Pembuatan lopis raksasa sebagai ikon syawalan Krapyak Pekalongan sebenarnya mempunyai filosofi yang dalam. Berdasarkan penuturan K.H. Zainudin Ismail-salah satu sesepuh masyarakat Krapyak Kidul-lopis yang terbuat dari beras ketan yang bersifat lengket, diidentikkan dengan kerukunan sesama warga. Bungkus lopis menggunakan daun pisang membutuhkan kesabaran dan melambangkan bahwa manusia harus bermanfaat untuk sesamanya, karena pohon pisang tidak akan mati sebelum ditebang pemiliknya setelah berbuah. Adapun bambu tegak lurus yang digunakan untuk menyangga lopis diartikan dengan hablum minallah, yaitu hubungan kepada Allah. Sedangkan pengikatan lopis dengan tambang adalah hablum minallah dan hablum minannas, yaitu hubungan dengan Allah dan hubungan sesama manusia.
Namun seiring berjalannya waktu, tradisi syawalan berubah menjadi tradisi menonton dan membandingkan lopis raksasa. “Sebesar apa sih lopis raksasa tahun ini?”, “Apakah lebih besar dari tahun lalu?”, “Apakah lopis daerah ini lebih kecil dari daerah lain?”, “Daerah mana ya yang lopisnya paling besar?”. Demikian sekiranya pertanyaan pengunjung dari luar Krapyak Kidul.
Warga yang datang pun tak sungkan untuk berfoto dengan lopis raksasa dan memamerkannya di media sosial dengan menambahkan caption yang bermacam-macam. Bahkan Iwan mengemukakan, hal yang lebih riskan yaitu adanya keyakinan atau mitos bahwa lopis raksasa ampuh untuk mengobati orang sakit.
Bergantinya “kaca mata” pengunjung mengenai tradisi syawalan Krapyak, lambat laun dapat melunturkan filosofi lopis raksasa yang sebenarnya. Tradisi syawalan yang sejatinya adalah tradisi religi-yang mengedepankan prinsip saling menghormati sesama warga, silaturahmi, dan menghormati tamu-akan berubah menjadi tradisi mencari sensasi. Jika diibaratkan lopis raksasa adalah merek kopi, maka syawalan merupakan kopi itu sendiri. Merek kopi tidak dapat terkenal jika kopinya tidak enak saat dinikmati. Kopi yang enak dinikmati adalah kopi yang aromanya saja sudah memabukkan, bukan? Begitu pula dengan tradisi syawalan. Syawalan akan tetap menjadi tradisi yang apik jika nilai religinya masih terjaga.
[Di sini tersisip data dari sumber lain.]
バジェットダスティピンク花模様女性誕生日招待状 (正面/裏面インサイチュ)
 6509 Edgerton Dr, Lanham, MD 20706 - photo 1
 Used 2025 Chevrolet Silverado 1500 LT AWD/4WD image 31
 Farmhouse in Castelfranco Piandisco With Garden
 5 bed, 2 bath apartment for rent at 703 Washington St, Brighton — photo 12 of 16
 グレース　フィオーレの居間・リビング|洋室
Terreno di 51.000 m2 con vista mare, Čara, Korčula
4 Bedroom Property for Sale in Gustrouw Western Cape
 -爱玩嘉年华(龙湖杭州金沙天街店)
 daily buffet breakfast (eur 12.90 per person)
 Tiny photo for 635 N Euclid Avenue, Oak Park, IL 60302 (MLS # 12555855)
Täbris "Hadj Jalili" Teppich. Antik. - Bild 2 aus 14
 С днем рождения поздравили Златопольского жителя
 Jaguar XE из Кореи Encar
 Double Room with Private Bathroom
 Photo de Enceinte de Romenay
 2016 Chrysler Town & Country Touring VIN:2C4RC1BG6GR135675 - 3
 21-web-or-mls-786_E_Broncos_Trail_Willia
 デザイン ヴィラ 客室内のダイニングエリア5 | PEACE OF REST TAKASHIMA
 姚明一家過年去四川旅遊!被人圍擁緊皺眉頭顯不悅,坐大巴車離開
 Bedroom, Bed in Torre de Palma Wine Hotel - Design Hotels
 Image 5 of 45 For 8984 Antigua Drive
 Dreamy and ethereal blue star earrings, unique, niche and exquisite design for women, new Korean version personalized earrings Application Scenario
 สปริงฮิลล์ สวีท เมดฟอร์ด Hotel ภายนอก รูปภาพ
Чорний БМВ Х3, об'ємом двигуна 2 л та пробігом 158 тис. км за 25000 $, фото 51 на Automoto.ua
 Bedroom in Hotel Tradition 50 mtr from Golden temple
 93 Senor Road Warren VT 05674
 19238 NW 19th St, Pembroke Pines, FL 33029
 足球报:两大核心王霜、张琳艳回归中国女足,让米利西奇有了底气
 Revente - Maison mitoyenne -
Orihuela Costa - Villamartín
Lopis yang mampu mengalihkan animo masyarakat sebenarnya hanyalah ikon dari syawalan Krayak. Tanpa syawalan, lopis raksasa tidak akan pernah ada. Jika filosofi lopis raksasa sudah tidak dihiraukan dan syawalan hanyalah “menonton lopis raksasa”, bagaimana nilai tradisi dapat terjaga? Sebagai warga yang mencintai tanah air, apakah anda bersedia membersihkan debu di “kaca mata” anda?